痛みに意識が飛びそうになる。それでも、残っていた装甲があったおかげで、死なずにはすんだ。
展開していた装甲も消え、膝をつく。
呼吸を乱しながら、ゆっくりと近づいてきたオリフェルを睨みあげる。
「なるほど。心意気だけは英雄だ。だが、貴様は英雄に何もかも劣っている」
ゆっくりとオリフェルが足を振り上げる。
彼女は、魔導人機を展開していなかった。
それをかわすこともできず、やすやすと蹴り飛ばされる。
蹴られて、地面を転がるしかできない。
オリフェルが楽しそうに笑みを浮かべ、ぎりぎりと背中を踏みつけてくる。
「どうした? 友達のためがなんたら言っていただろ? 所詮、人間なんてそんなものだ。口ではどうとでもいえるが、どうだ? 現実は何もできやしない。この程度で一体、何を」
「……なんだよ、オリフェル。
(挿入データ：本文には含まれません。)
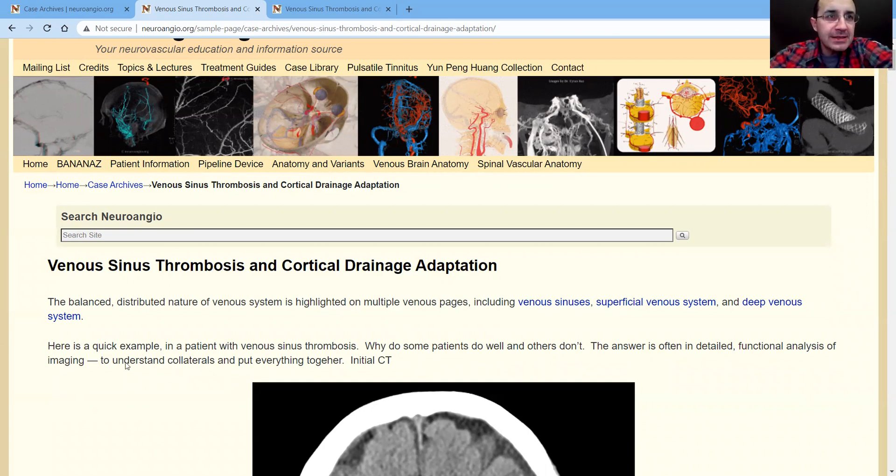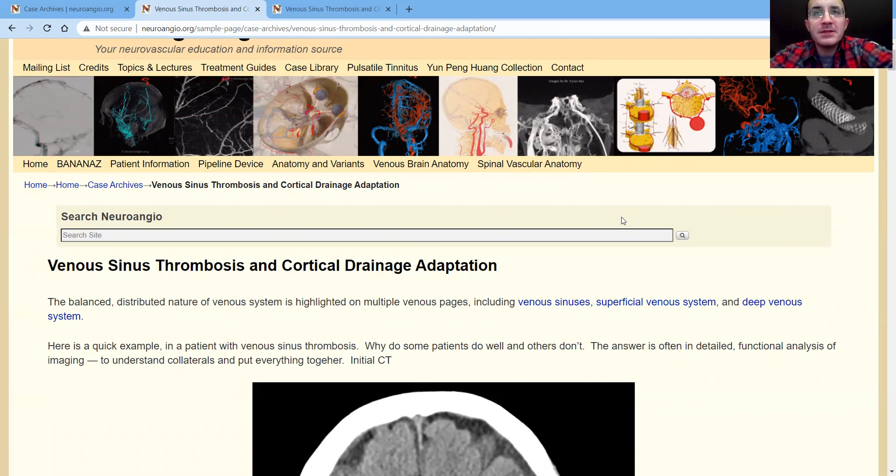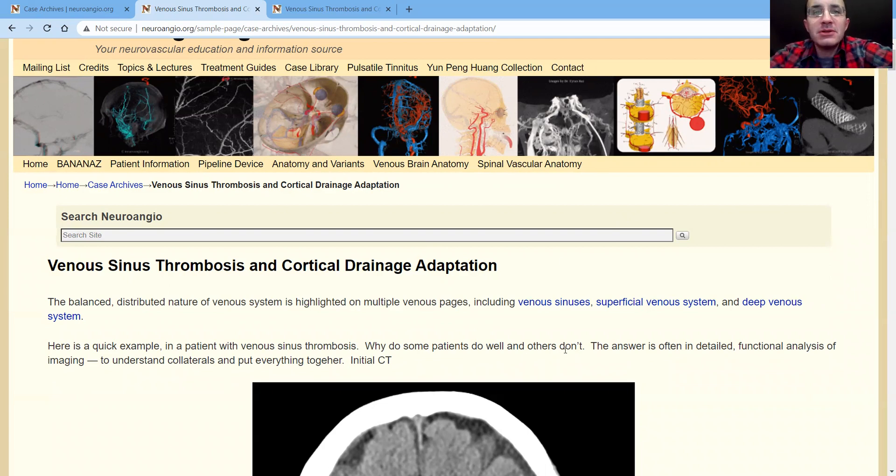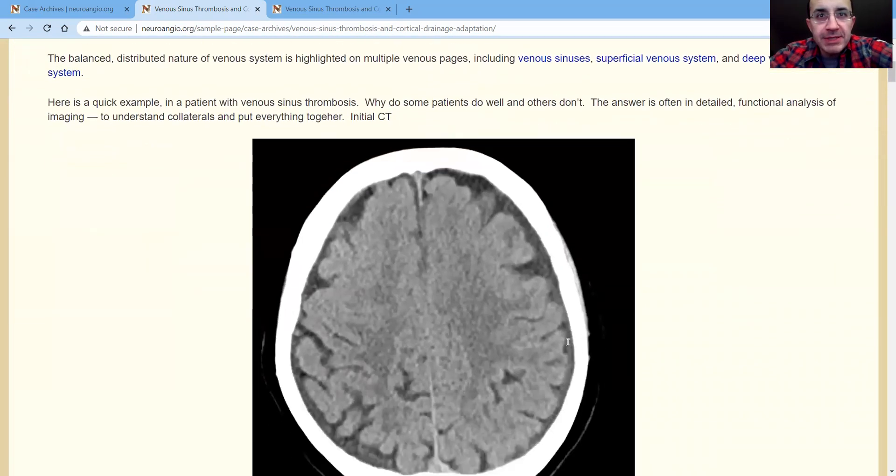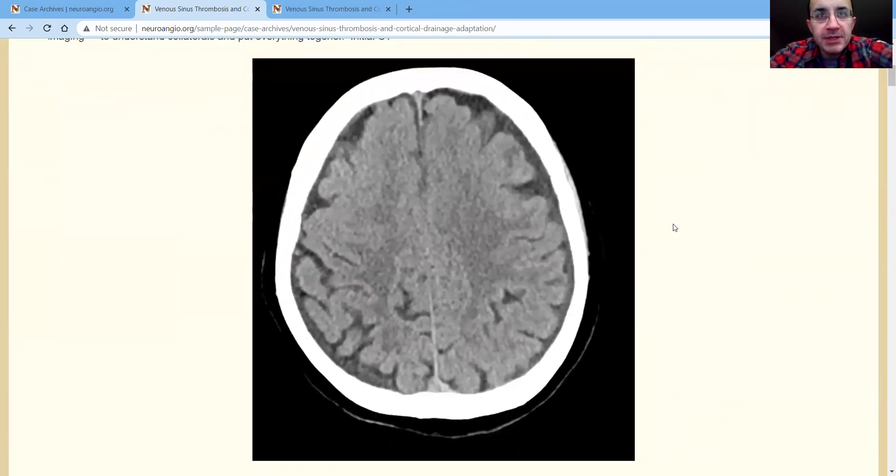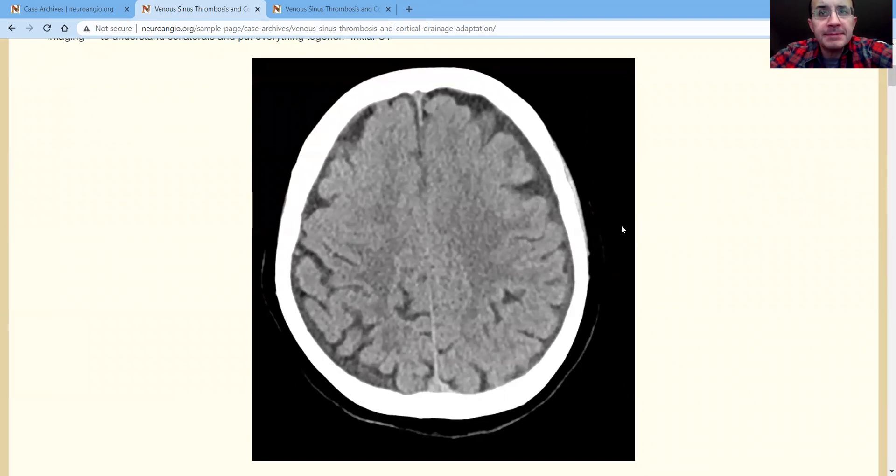So here's the case: venous sinus thrombosis. Patient's doing very well, bad headaches but nothing focal. We have to understand from all of this how to put it all together. Bottom line is a couple of weeks of headaches. Here's a CAT scan. Again, brain is fine.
おまえ、人間に期待でもしていたのかよ?」
「……ほざくなよ、人間!」
さらに強く踏みつけられる。
啓はそれから、彼女ににやりと笑みをぶつける。
オリフェルの顔が引きつり、それからさらに強く踏みつけられうr。
「余は貴様ら人間を認めはしない……っ! 余の計画を幾度となく邪魔をし、そしてまたも余の復活の妨げをするなど……っ! 楽に死ねると思うなよ!」
「……てめぇの怒りなんざ知らねぇよ」
乱れた呼吸を整える。
叩きつけられた痛みが全身を抜ける。
何度も何度も踏みつけていたオリフェルだったが、やがてその顔を真っ赤にして怒りを示し、息を乱す。
「なんだ、なぜ貴様は笑っていられるっ!」
「……そりゃあ、こっから俺がてめぇをぶちのめすからだ」
全身が痛む。
それでもまだ体は動いてくれる。
軽く首を傾け、肩をもむ。
そして、笑みをぶつける。
「今の貴様に何ができる! 魔力ももうほとんど残っていない貴様が……っ!」
その言葉に、笑みを浮かべるしかない。
啓はそれから魔導人機を展開する。
「魔力なら、まだ残ってるぜ」
「……なんだと?」
うろたえた声をあげるオリフェルに、啓は笑みを返す。
それから、ケルを両手で持ち、その腹に視線を向ける。
「ケル、バリアの分、全部装甲に回してくれ」
『ああ、マスター。死ぬなよ』
ケルが声をあげると、再び装甲が展開される。
いつものようなほのかに体をまとう感覚はない。
それはつまり、バリアがないということだ。
啓は体の調子を確かめてから、大剣をオリフェルに向ける。